Now. There's always a mate, isn't there?
So if you find yourself in a position where you personally can't be arsed to get upset about something, you can hand the responsibility over to somebody who can. Violence by proxy.
To cut a very ugly story short, this throwback stuck her head through my car window and started yowling in my face, a bit like Charlie the Cat in the public information ads of my childhood, only this time warning about the perils of Elizabeth Duke jewellery.
She was so enraged I had no chance of reasoning with her. On and on she went. A crowd grew. Tension built. I had to seize control. Defuse the situation. I racked my brain for something clever, something erudite to say that would stop this scene becoming a resconstruction on Crimewatch.
"Oh, fuck off, you wearying fat slag."
Tah-dah!
Having delivered this stingingly elegant coup de grace, I threw the car forward, squeezing past Poor Sad Little Learner who had managed to park, and flipped a cheery 'V' as I sped off. Clearly it wasn't my superior education and negotiating skills that won the day, it was the fact that I was sitting in a car with the engine still running.

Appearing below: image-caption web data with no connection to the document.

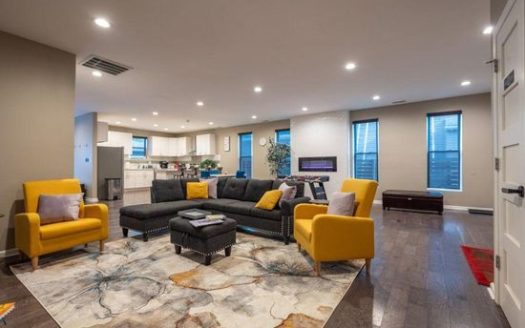 4-Bedroom Apartment for Rent in Indianapolis, IN 46201 – $4484/mo | 4 Baths | Updated 2025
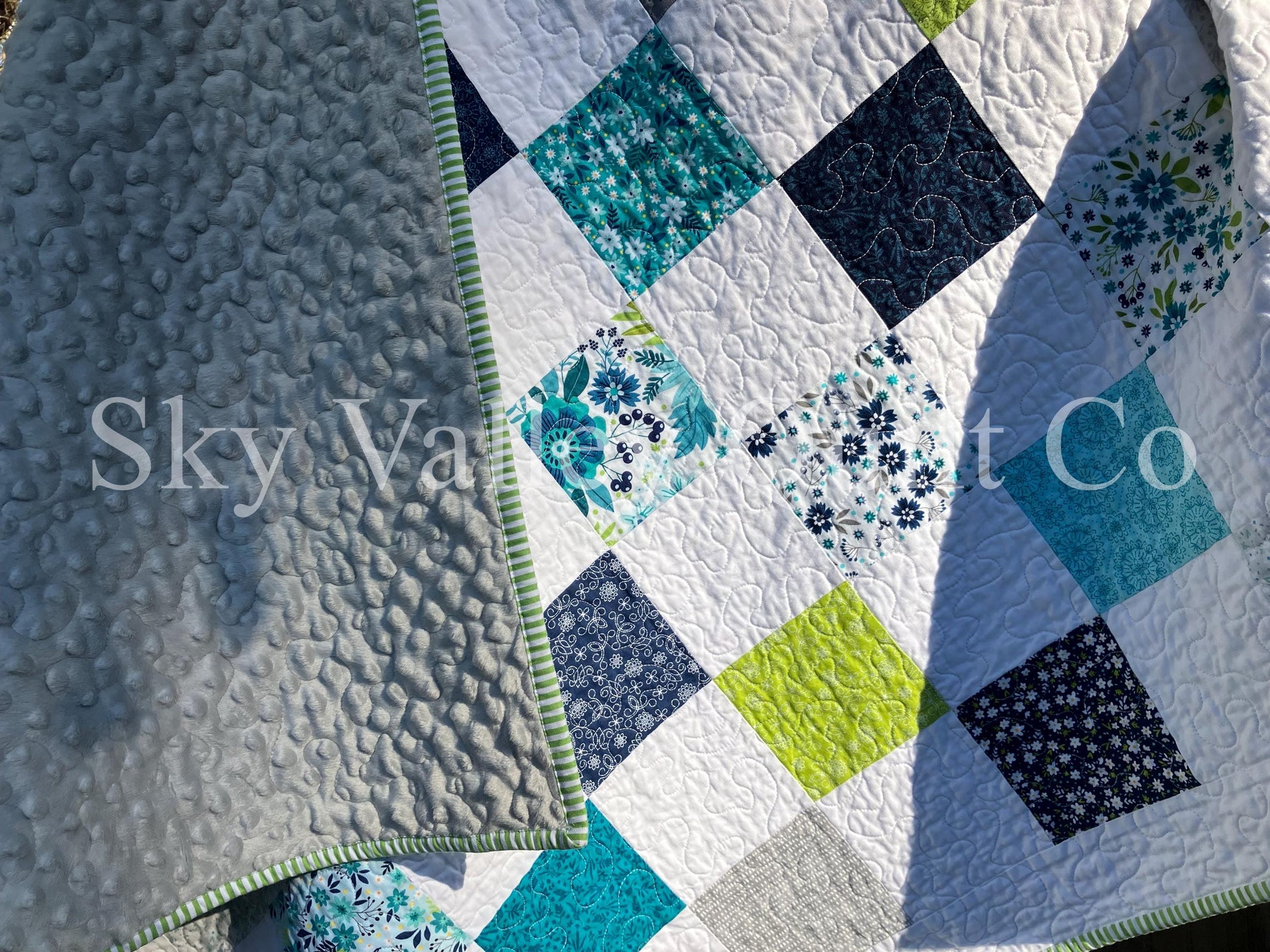 Precut traditional pieced Quilt kit ~ Benartex Among the wildflowers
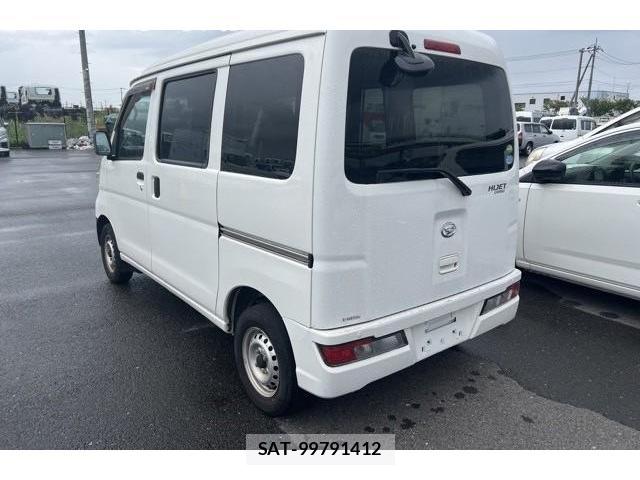 Daihatsu HIJET CARGO 2018-08 8854386-1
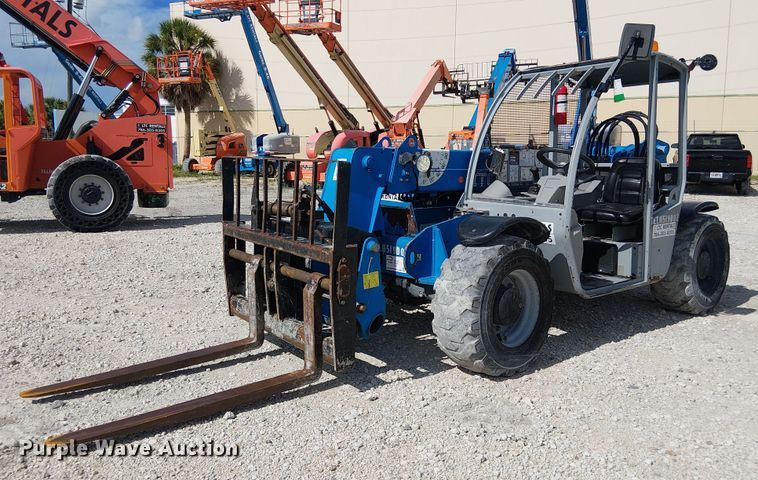 2012 Genie GTH-5519 telehandler - EC3800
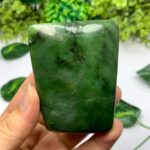 270g Beautiful Green Nephrite Jade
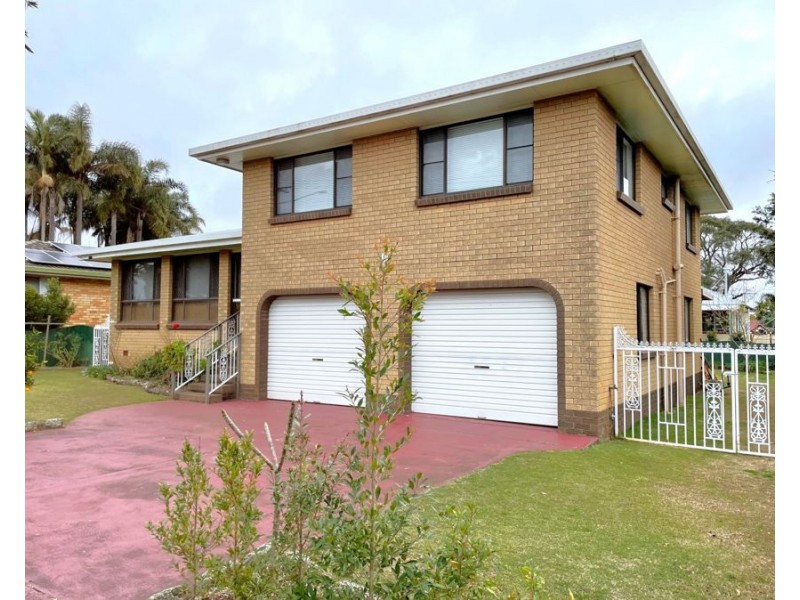 9 Winstanley Court, Newtown QLD 4350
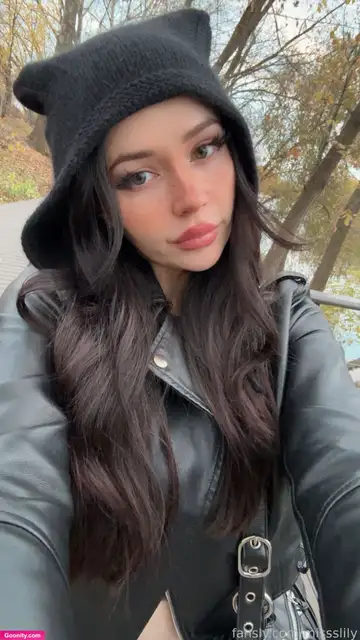 missslily photo 18
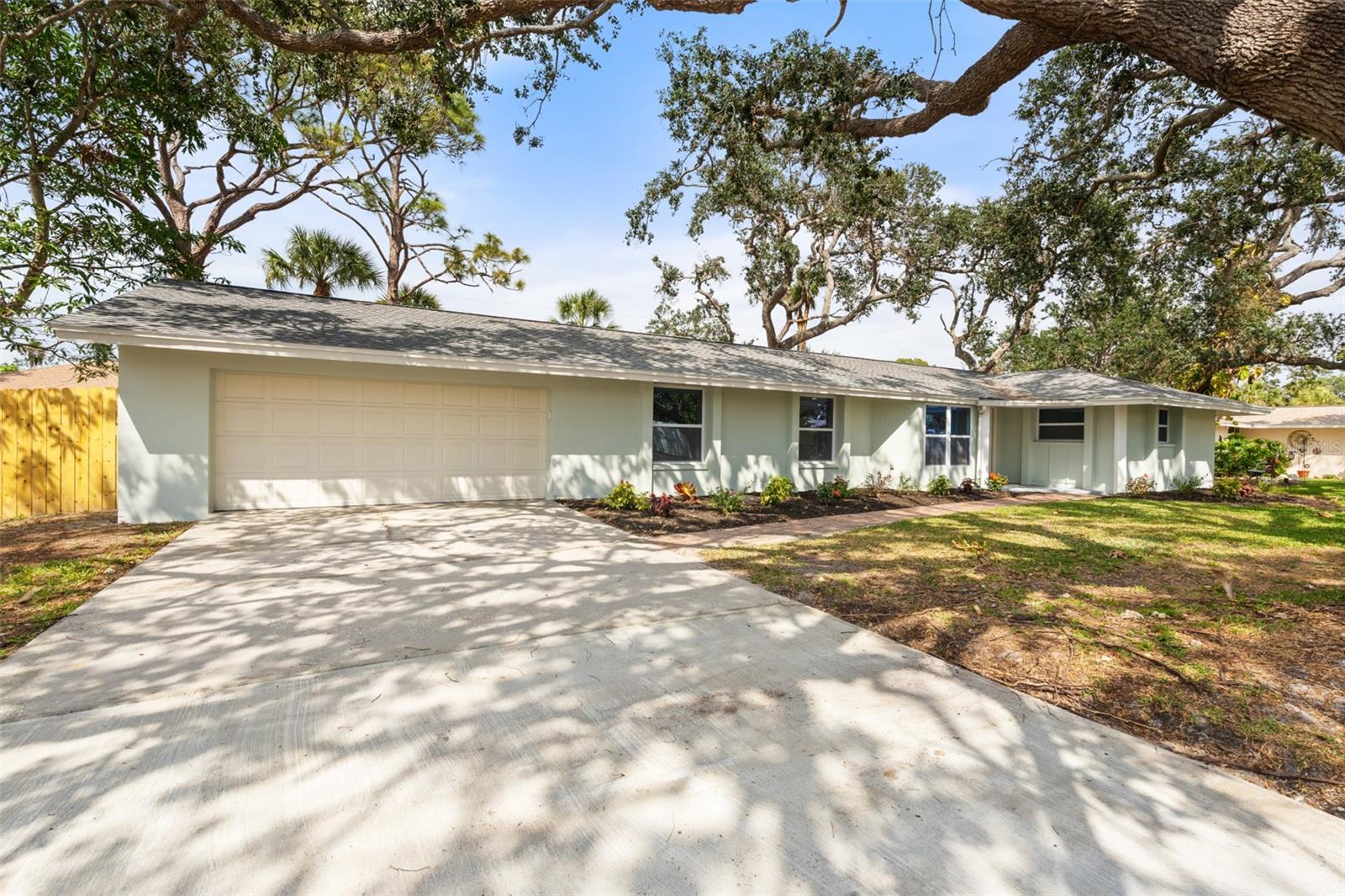 530 Foxglove Rd, Venice, FL 34293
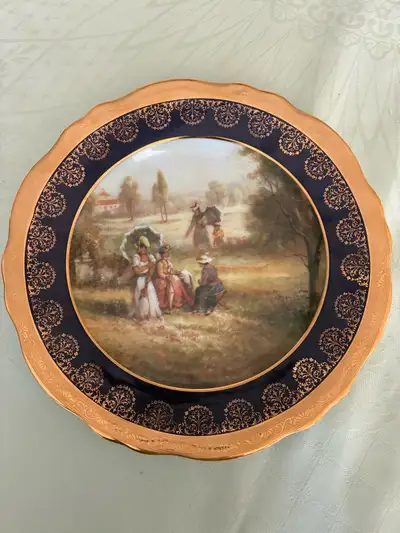 Porcelaine Imperial Limoges France Assiette de Collection 10”, View more
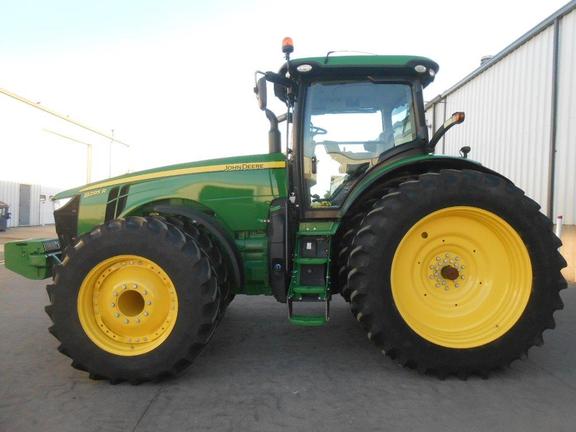 2015 John Deere 8295R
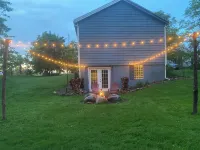 Historic Schoolhouse - Private Yet Central minutes from 480 and the Turnpike Hotels in Streetsboro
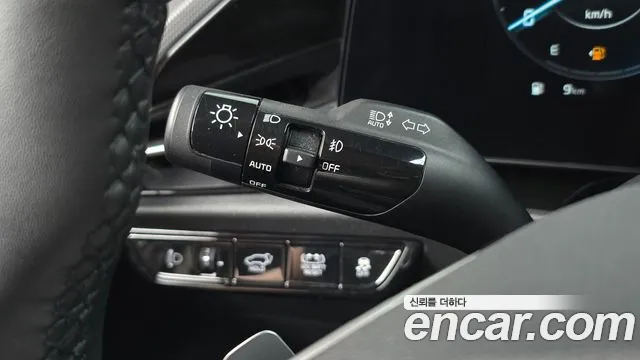 Kia Niro The All New Niro Signature — Фото автомобиля 28
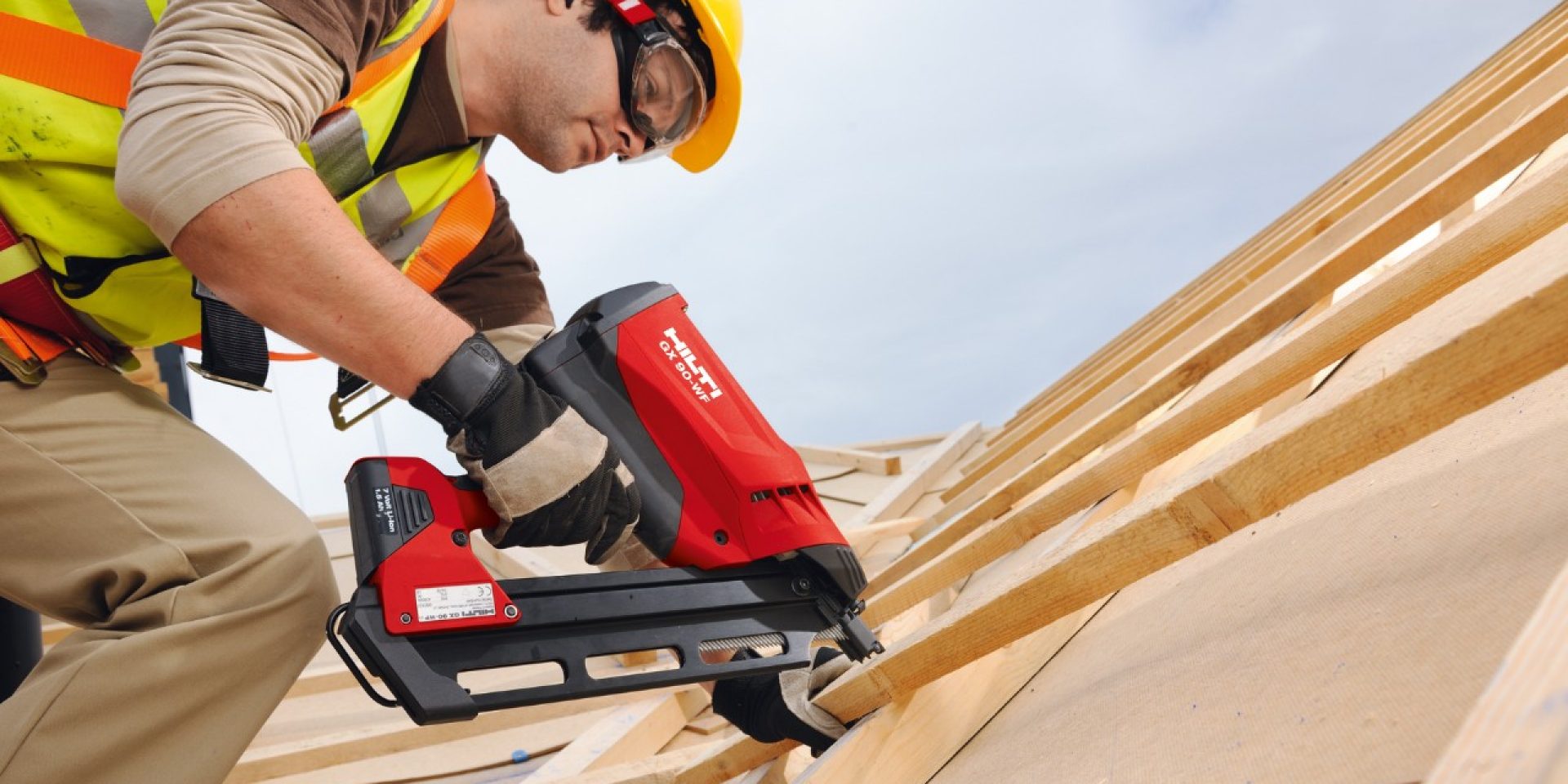 Hilti GX 90-WF gas-actuated fastening tool for wood framing applications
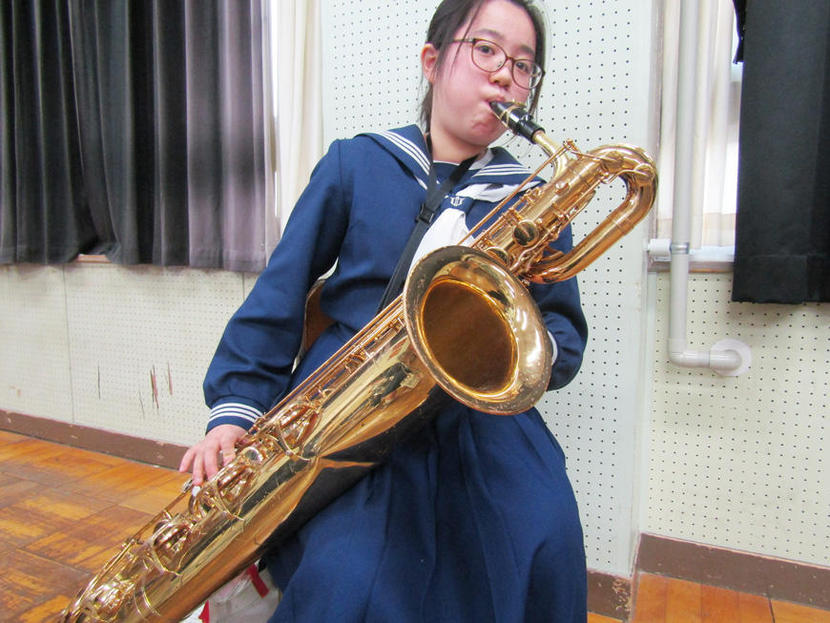 【バリトンサックス】錆とへこみのあるバリトンサックス...非常に音が出にくい状態で演奏する度にとても困っています。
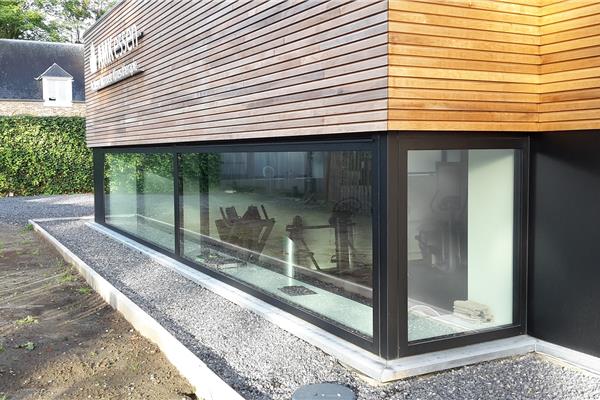 Zwarte aluminium kozijnen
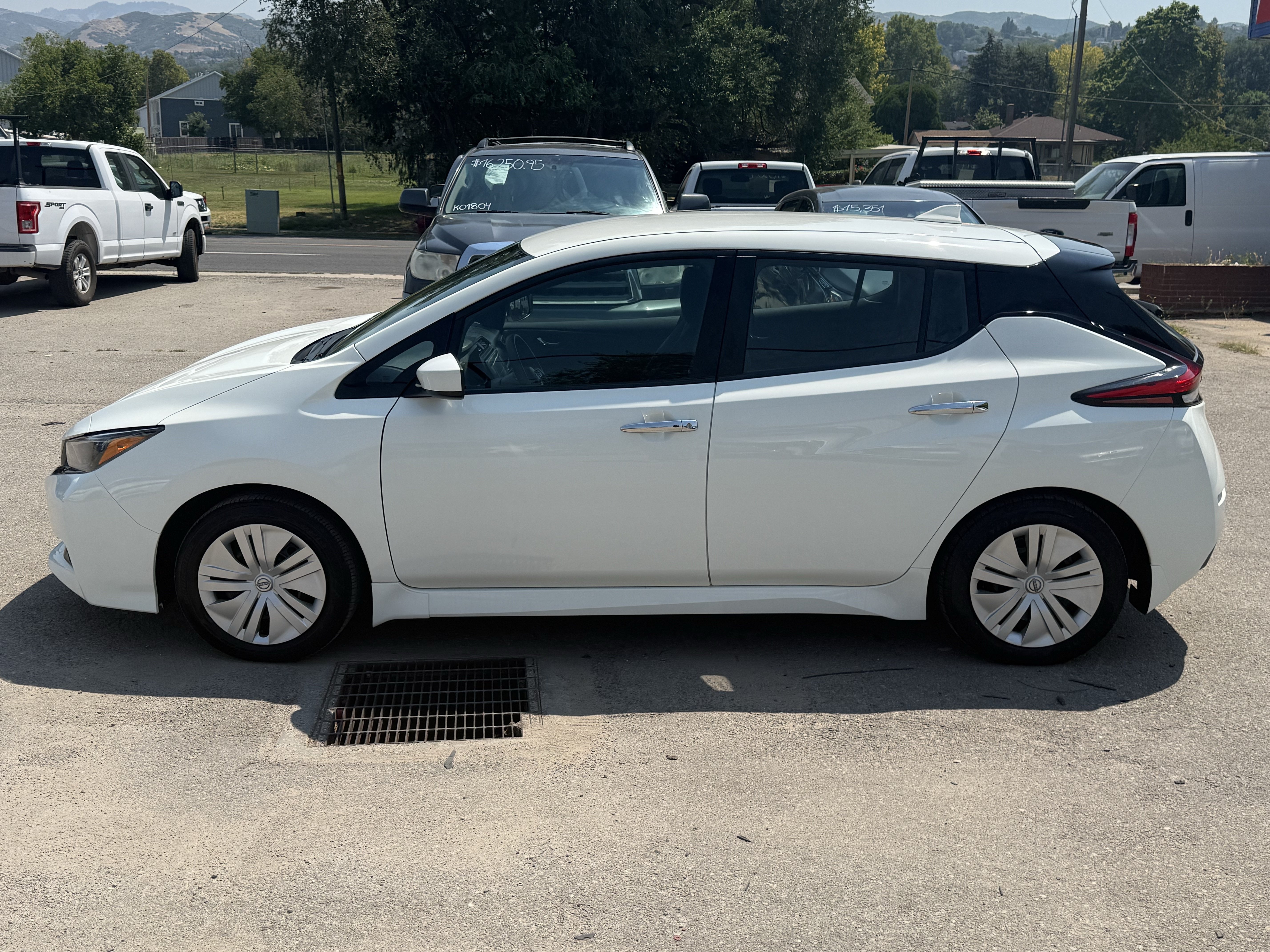 Used 2025 Nissan Leaf S FWD image 7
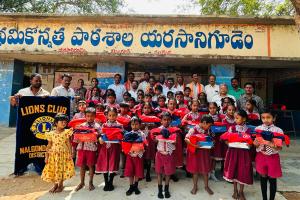 విద్యార్థులు దాతల ద్వారా పొందే ఇటువంటి సౌకర్యాలను సద్వినియోగం చేసుకోవాలి. 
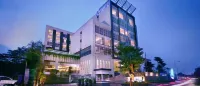 Aston Jember Hotel & Conference Center - piscine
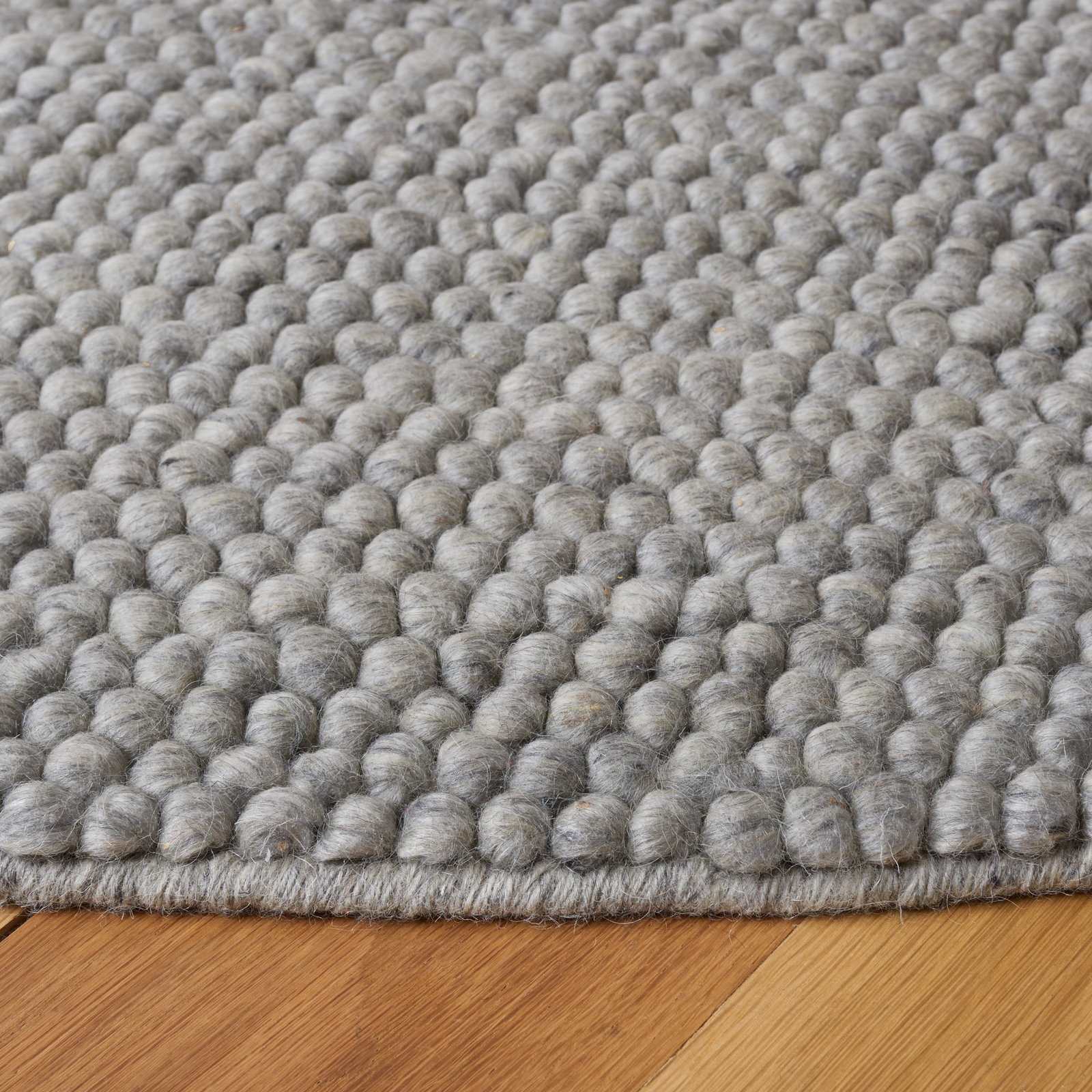 Elle Silver Hand-Woven Wool Rug, Round 8'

And did I spend the morning in town on a victorious high re-telling this story of accomplishment and heroism equal in scale to that of the Spartans at Thermopylae?
No.
Three things spoiled it for me.
- The knowledge that I had sunk to Wearying Fat Slag's level so quickly and over something so frighteningly trivial. I'd allowed her to make me lose control to the point where I had no other vocabulary left to offer.
- To the ears of the bystanders, I sounded no different from Wearying Fat Slag to whom I felt myself so superior. I was no different.
- The fact that now I was marked woman and could get stabbed between the eyes with a scuffed stiletto when I least expected it.